[Recorded data]:
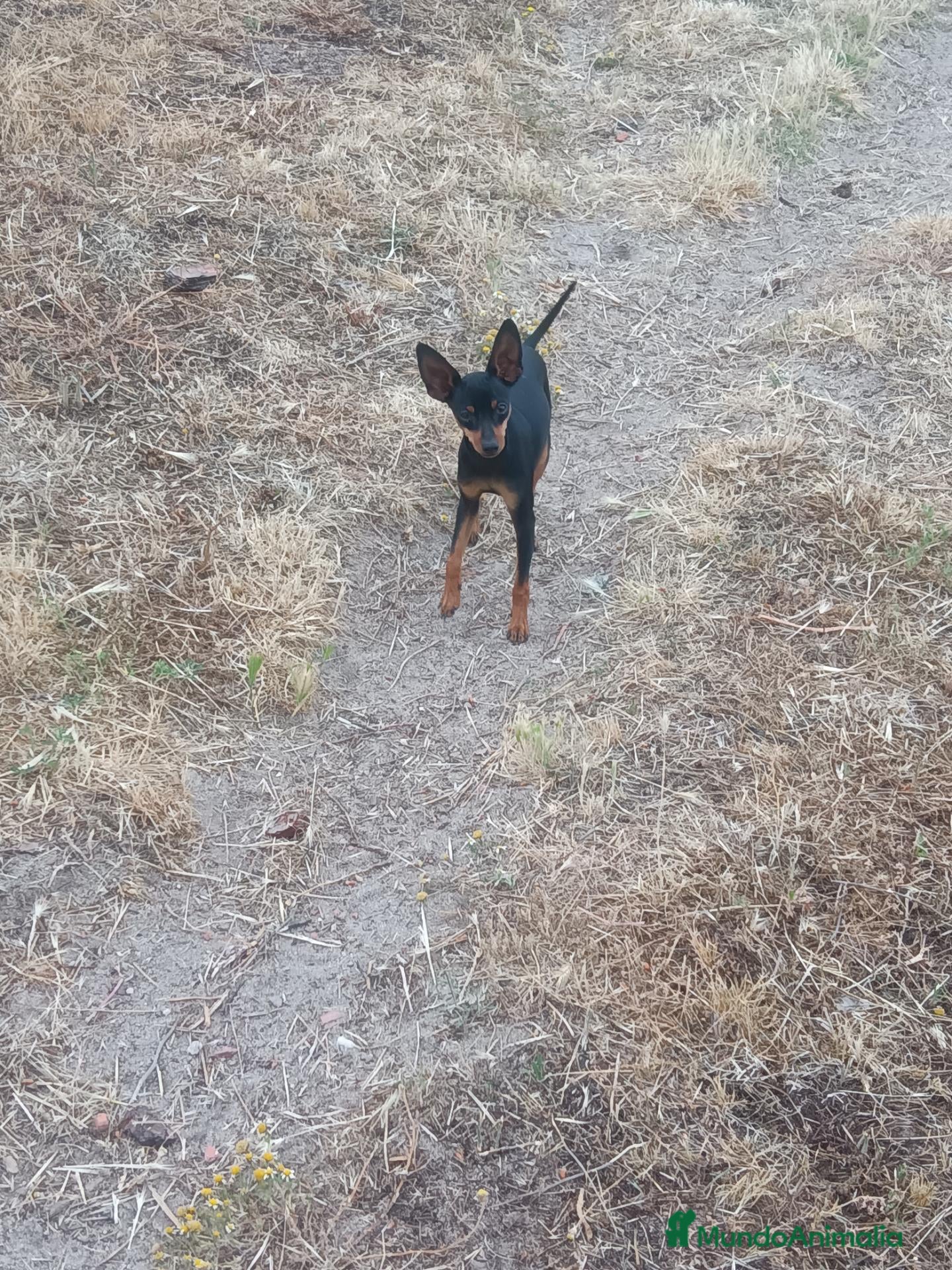 Pinscher Miniatura perros Pincher Miniatura Negro y fuego  - Anuncio 1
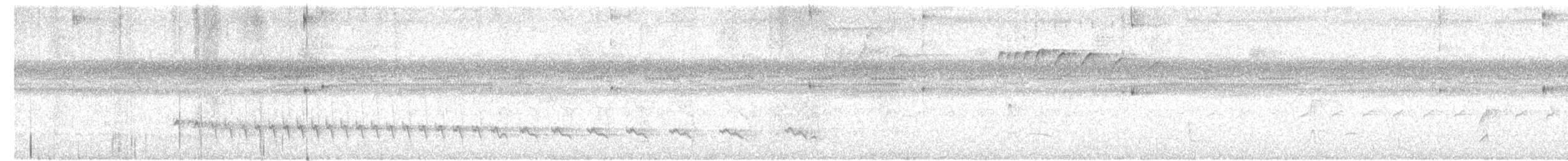 Scrub Greenlet - ML642253231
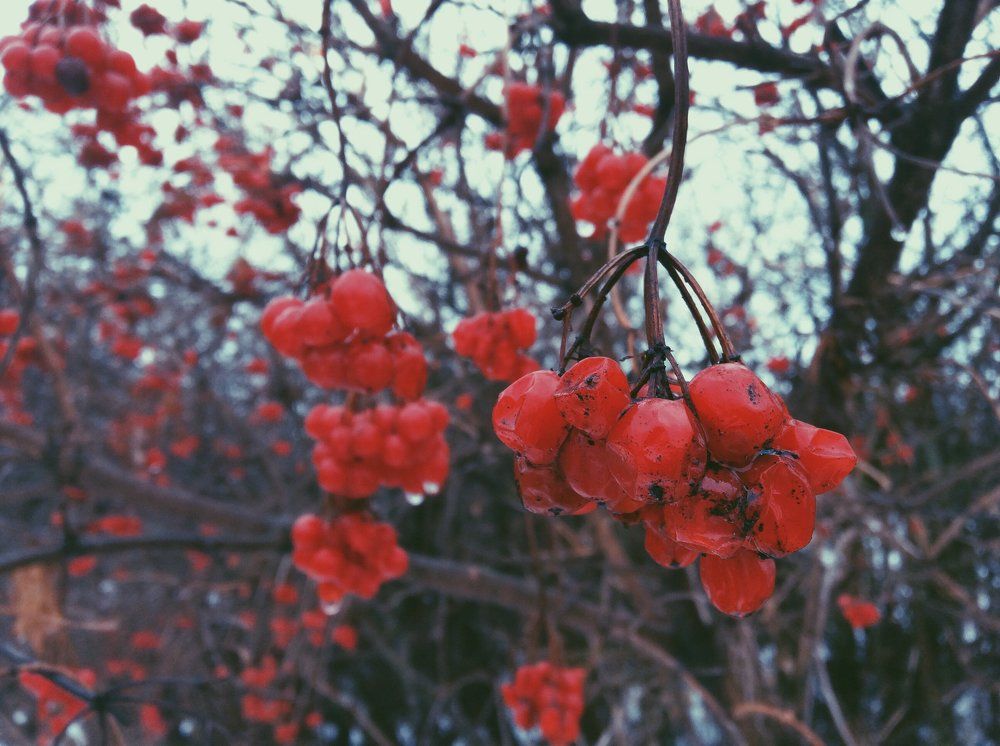 Калина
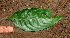  ( - BioBot01329)  @11 [ ] CreativeCommons - Attribution Non-Commercial Share-Alike (2010) Daniel H. Janzen Guanacaste Dry Forest Conservation Fund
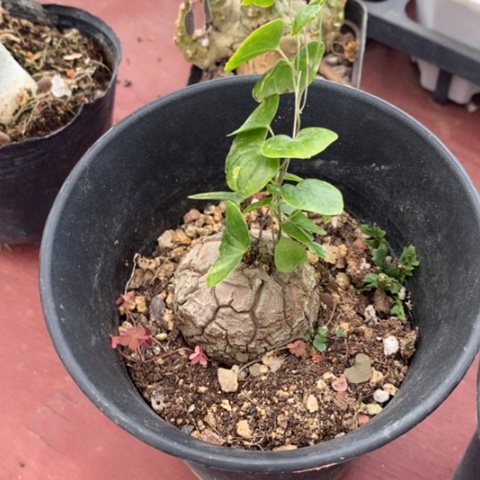 只*?龟甲龙单4仙人球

[Aim of the task]: Reproduce exactly the line containing "Scrub Greenlet - ML642253231" and every line after it in the material above, up to and including the last. Exclude all pictures.

[Result below]:
 Scrub Greenlet - ML642253231
 Калина
  ( - BioBot01329)  @11 [ ] CreativeCommons - Attribution Non-Commercial Share-Alike (2010) Daniel H. Janzen Guanacaste Dry Forest Conservation Fund
 只*?龟甲龙单4仙人球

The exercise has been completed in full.